(Provided records)

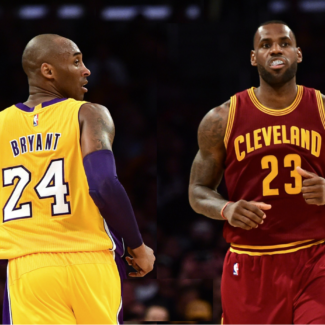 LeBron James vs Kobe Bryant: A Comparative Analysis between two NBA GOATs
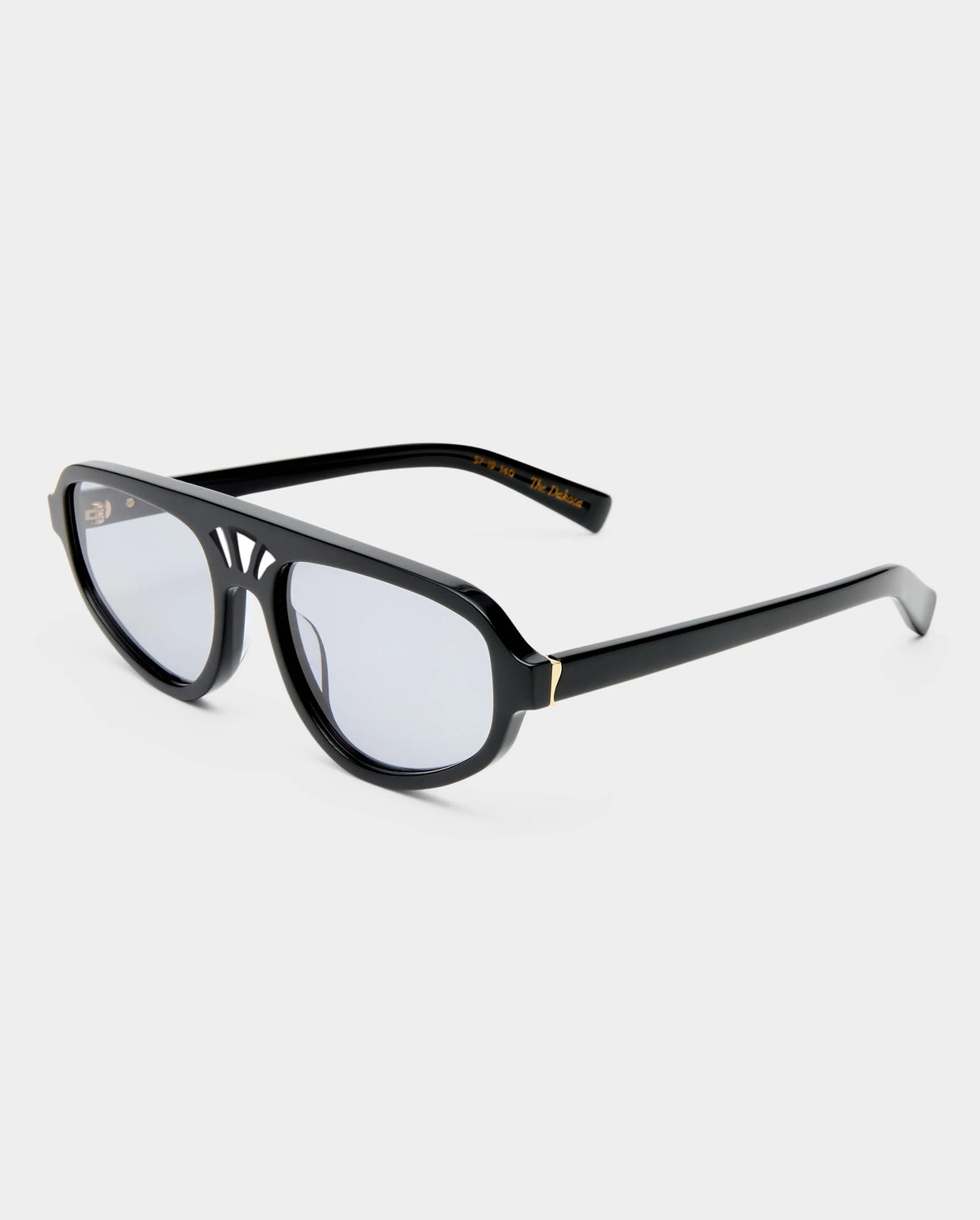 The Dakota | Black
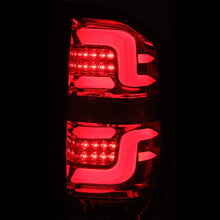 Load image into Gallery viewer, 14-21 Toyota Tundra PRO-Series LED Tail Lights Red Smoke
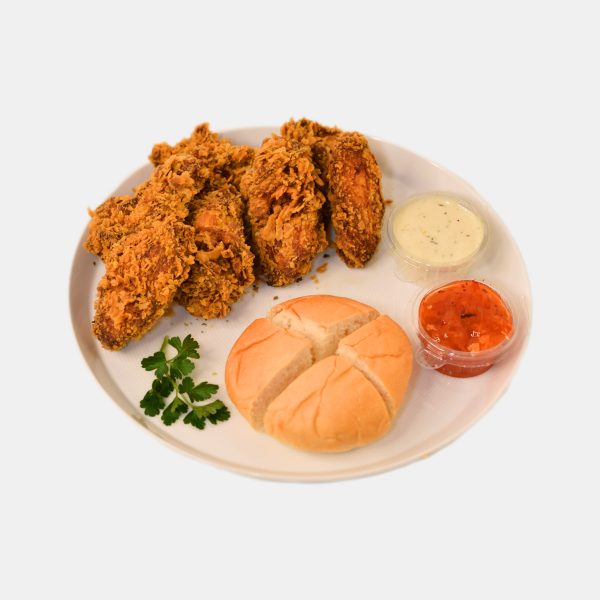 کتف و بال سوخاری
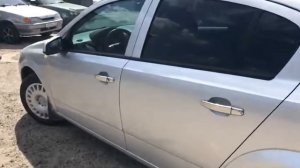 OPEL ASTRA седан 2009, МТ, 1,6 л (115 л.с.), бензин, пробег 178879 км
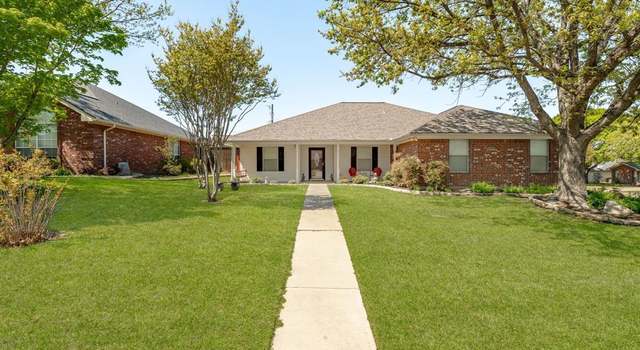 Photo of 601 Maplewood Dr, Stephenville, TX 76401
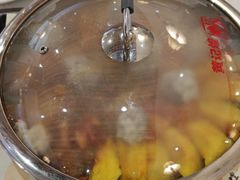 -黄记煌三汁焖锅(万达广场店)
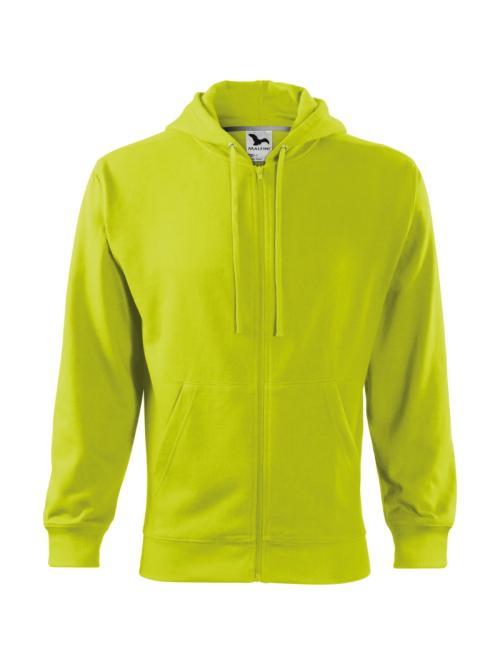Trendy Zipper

(End Provided records)

Action item: From the line that contains "کتف و بال سوخاری" to the last line of the data, print each line exactly, both ends included, and omit the pictures.

Response to this task:
 کتف و بال سوخاری
 OPEL ASTRA седан 2009, МТ, 1,6 л (115 л.с.), бензин, пробег 178879 км
 Photo of 601 Maplewood Dr, Stephenville, TX 76401
 -黄记煌三汁焖锅(万达广场店)
Trendy Zipper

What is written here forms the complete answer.